End of hegemony: UN must reflect changing world order

by RAMZY BAROUD


United Nations General Assembly PHOTO/Patrick Gruban, via Wikimedia Commons

There is a rational explanation of why India and Brazil, two countries with vast populations and significant and growing economies, are not permanent members of the United Nations Security Council (UNSC).

The Council – made up of 5 permanent and ten rotating members – was designed to reflect a world order that was birthed from the horrific violence of World War II. It was as simple as this: Those who emerged on the side of the victors were granted permanent membership and a ‘veto’ power that would allow a single country to defy the will of the entire international community.

This unfair system, which has perpetually weakened the moral foundation of the UN, remains in effect to this day.

The 73rd session of the UN General Assembly just held in New York reflected both the impotence of the UN’s ability as a global platform to address pressing problems and also the chaotic political scene resulting from the organization’s lack of unity.

The misuse of the veto, the lack of accountability and the unfair representation at the UNSC – for example, not a single African or Latin American country is a permanent member – have all emasculated an organization that is meant, at least on paper, to uphold international law and achieves peace and global security.
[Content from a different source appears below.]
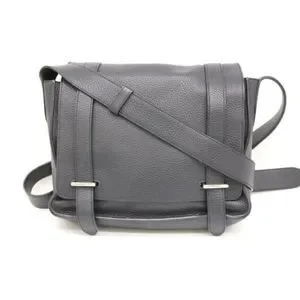 Hermes Bags Hermessteve Caporal Crossbody Bumbag Black Poshmark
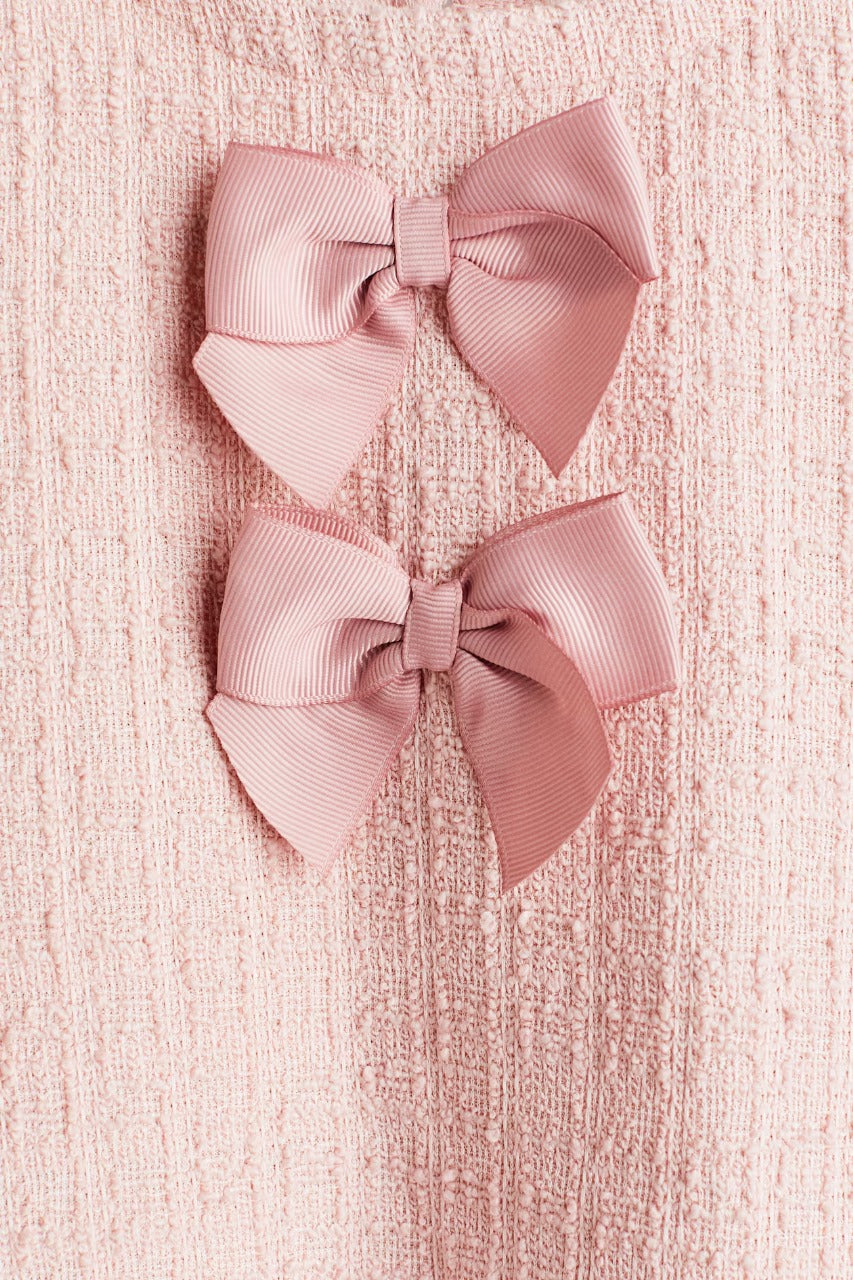 Vestido Chongo Niña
While Richard Falk, the former UN Special Rapporteur, advocates the “need for a stronger UN,” he argues that “from the perspective of current geopolitical trends (the UN) seems to have declined almost to the vanishing point with respect to overarching challenges that states acting on their own cannot hope to overcome.”
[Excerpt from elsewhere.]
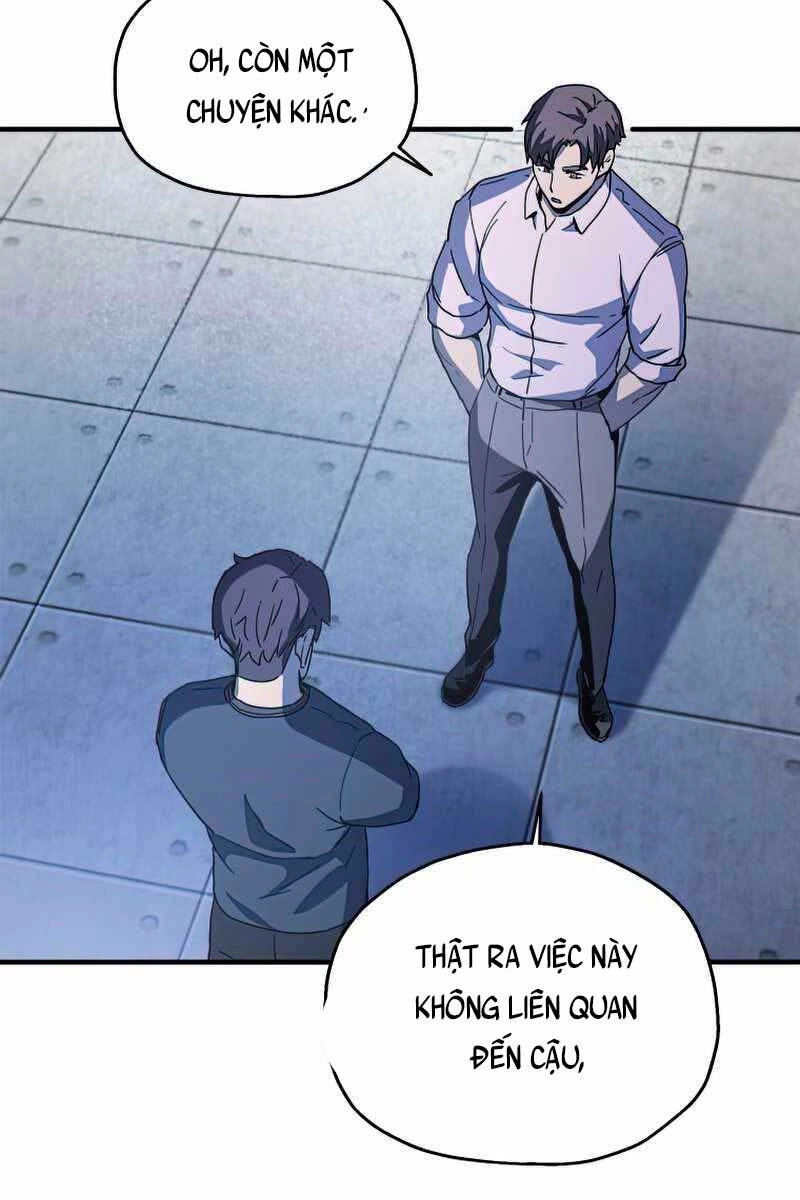 Người Chơi Không Thể Thăng Cấp Chapter 81 - 107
Some of these problems are interconnected and cannot be redeemed through short-term or provisional solutions. For instance, climate change often leads to food shortages and hunger, which, in turn, contribute to the rising levels of migration and, consequently, to racism and violence.

Late last year, the UN’s World Food Program reported that global hunger is increasing, despite all attempts to curb it and to, ultimately, achieve the declared goal of ‘zero hunger.’ According to the WFP, 815 million people suffered from hunger in 2016, an increase of nearly 40 million from the previous year. The UN body called the latest figure an ‘indictment to humanity.’

The failing fight against climate change is another ‘indictment to humanity’. The UN-sponsored Paris Agreement of 2016 was a rare shining moment for the UN, as leaders from 195 countries consented to reduce their carbon dioxide emission through the lowering of their reliance on fossil fuel. The excitement, however, soon died out. In June 2017, the United States government pulled out of the global accord, putting the world, once more, in peril of global warming with its devastating impact on humanity.

This decision by the US Donald Trump Administration exemplifies the foundational problem within the UN – where one country can dominate or derail the whole international agenda, rendering the UN practically irrelevant.

Interestingly, the UN was established in 1945 to replace a body that, too, was rendered irrelevant and ineffective: The League of Nations.

But if the League of Nations lost its credibility because of its inability to prevent war, why has the UN survived all these years?